As long as the Lie groups are finite dimensional, yes, this is true. The key is that you can make finite-dimensional approximations to the classifying space $BG$: that is, there are finite dimensional smooth manifolds $B_iG$ with inclusion maps $B_iG \hookrightarrow B_{i+1}G$ such that, as topological spaces, $BG = \lim B_iG$. I don't have a good reference for this or a sketch of the proof. For your favorite groups, it's obvious: $BO(n) = \text{Gr}(n,\infty) = \lim_k \text{Gr}(n,n+k)$, for instance, or $BU(1) = \lim_k \Bbb{CP}^k$. The general case, then, is the same idea: you find a sequence of spaces $E_nG$ that $G$ acts freely on whose limit is contractible. If I remember a reference or a proof for this I'll edit it in.
Now that we have this: let $M$ be a finite dimensional smooth manifold. Two $G$-bundles being smoothly equivalent is the same as saying that the smooth maps $M \to BG$ are smoothly homotopic. (To make sense of this, one either makes a Hilbert manifold out of $BG$, in which case the first paragraph wasn't necessary, as we'll see, or you assume $M$ is compact so the image lies in some $B_iG$.) The proof of this is essentially the same as the proof that the same is true continuously of continuous maps.
Now we're in a setting in which we can apply the various smooth map approximation theorems. This is the reason I tried to make things finite dimensional; I don't know how to prove the same approximation theorems in the infinite-dimensional setting, though they're almost certainly true.
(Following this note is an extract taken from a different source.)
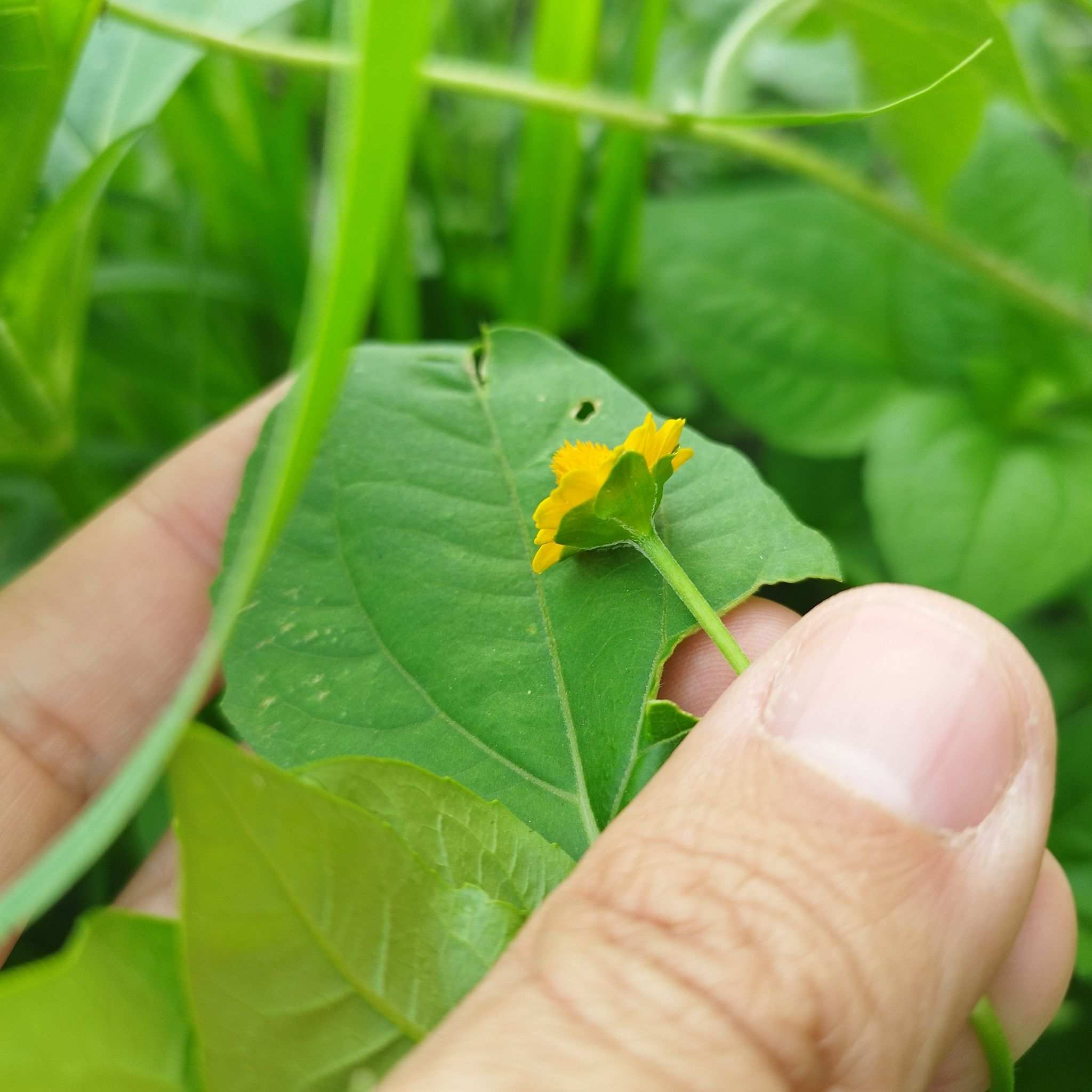 Melampodium divaricatum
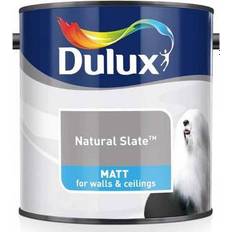 Dulux Grey Paint Dulux Matt Wall Paint Natural Slate 2.5L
Anyway, let's get going.
First, any continuous map is homotopic to a smooth map. So for any continuous vector bundle on $M$, this must be isomorphic to a smooth vector bundle. Next, suppose I have smooth vector bundles $f_i: M \to BG$. Suppose they are continuously homotopic: that is, there is a continuous map $f_t: M \times I \to BG$. Now (again, either because we can restrict the codomain to a finite-dimensional manifold or because you're willing to use infinite-dimensional approximation theorems) we know that we can approximate this by a smooth map without changing the values on the boundary, since they're already smooth. So this means that if vector bundles $f_0$, $f_1$ are continuously isomorphic, they are smoothly isomorphic.
This becomes false if you allow the Lie group to become infinite-dimensional (say, $\text{Diff}(M)$.) The simplest examples I know are 4-manifold bundles over the circle which are topologically trivial but not smoothly trivial. But because $M$-bundles over the circle are in bijection with $\pi_0 \text{Homeo}(M)$ topologically or $\pi_0 \text{Diff}(M)$ smoothly, you just need a diffeomorphism that's continuously isotopic to the identity but not smoothly. One is provided, eg, in Ruberman, "An obstruction to smooth isotopy in dimension 4".